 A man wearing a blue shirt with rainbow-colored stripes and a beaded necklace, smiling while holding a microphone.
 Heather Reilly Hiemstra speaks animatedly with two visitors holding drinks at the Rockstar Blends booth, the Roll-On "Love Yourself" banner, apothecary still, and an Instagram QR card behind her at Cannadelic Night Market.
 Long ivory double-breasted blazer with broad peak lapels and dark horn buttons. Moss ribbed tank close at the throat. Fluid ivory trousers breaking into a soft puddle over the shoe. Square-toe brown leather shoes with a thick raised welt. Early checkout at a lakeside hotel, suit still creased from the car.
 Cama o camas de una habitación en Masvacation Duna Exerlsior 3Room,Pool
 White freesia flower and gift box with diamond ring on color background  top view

WHAT THIS TASK INVOLVES: Using the data above, reproduce every line exactly.

RESPONSE:
 A man wearing a blue shirt with rainbow-colored stripes and a beaded necklace, smiling while holding a microphone.
 Heather Reilly Hiemstra speaks animatedly with two visitors holding drinks at the Rockstar Blends booth, the Roll-On "Love Yourself" banner, apothecary still, and an Instagram QR card behind her at Cannadelic Night Market.
 Long ivory double-breasted blazer with broad peak lapels and dark horn buttons. Moss ribbed tank close at the throat. Fluid ivory trousers breaking into a soft puddle over the shoe. Square-toe brown leather shoes with a thick raised welt. Early checkout at a lakeside hotel, suit still creased from the car.
 Cama o camas de una habitación en Masvacation Duna Exerlsior 3Room,Pool
 White freesia flower and gift box with diamond ring on color background  top view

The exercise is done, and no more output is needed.